For the creative project, you can write, sing, paint, dance, make a video, invent a game (video or non-video), create a website, put on a play . . . the options are limitless so long as the work is original and engaged with the text.

For the second option, you can write, sing, paint, dance, make a video, invent a game (video or non-video), create a website, put on a play . . . the options are limitless so long as the work is original and engaged with doing two things:  helping the class understand how and why the study of literature, and specifically fiction, is related to your discipline and to develop an artifact (essay, song, painting, dance, web site, etc.) that either shows us the intersection of the two disciplines via a specific text, or develops an assignment around a specific text that would bring the two disciplines together.

For both options, if you have any concerns about whether your project sounds like a good idea, please consult with me.
In terms of how to do the research for this project and what to include in your bibliography, traditional sources of literary research include journal articles from databases like JSTOR, Project Muse, and EBSCO, as well as book-length studies of specific authors and works.  You can also do primary research for this project by interviewing professors or professionals in your discipline to ask why reading fiction and literary study may or may not be of importance to your discipline, as well as research and read materials related to this question from a range of disciplines.

Part Two – Due on the day of your presentation: Handout for the class
Include a handout for the class to accompany your presentation. This may be a visual or graphic aid, a summary, a questionnaire, a map, a bullet point guide to your presentation, or any other imaginative supplement that might intrigue, inspire or aid your audience.

 

Parts Three – Essay or Report and Bibliography

Each of you must respond to the project and your experience of creating it on an individual basis. Please write approximately 2-3 pages evaluating the project as a whole.

This essay or report must also include a BIBLIOGRAPHY of the sources you consulted for your project.  If you would like to try writing in a genre specific to your discipline, e.g., a project proposal or report, please feel free to do so.  While the response should be written form, here are some questions to consider and guide your thoughts.

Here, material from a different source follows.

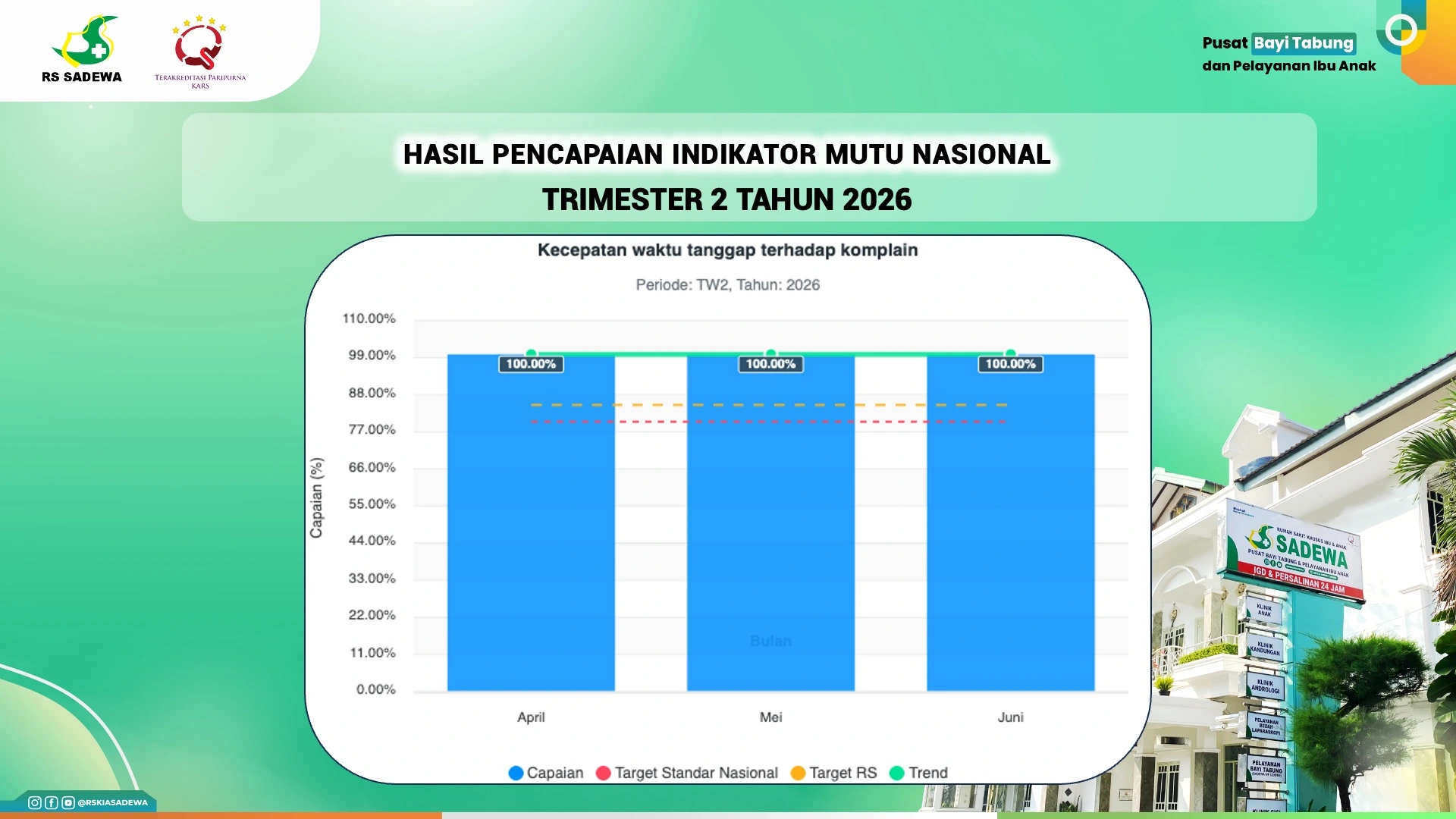 Indikator Mutu Kepatuhan Komplain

These questions are by no means comprehensive, so you should feel free to address ideas not mentioned here:

  • What was your specific role in creating the project?
  • How many hours of work did you spend on the project?
  • What was your inspiration for the project? Specifically describe the thought process which led you to your project and your rationale for responding to the piece.
  • What was your reading and interpretation of the piece?
  • What was your rationale for using the particular medium you chose?
  • How well did your group work together?
  • Did you all agree on an interpretation?
    • If yes, describe the collective opinion of the work which prompted you to craft your project as you did.
    • If no, describe the conversation and negotiations which ensued before and during the project’s construction.
  • What did you learn about your piece from this project?
  • What did you learn about yourself from this piece?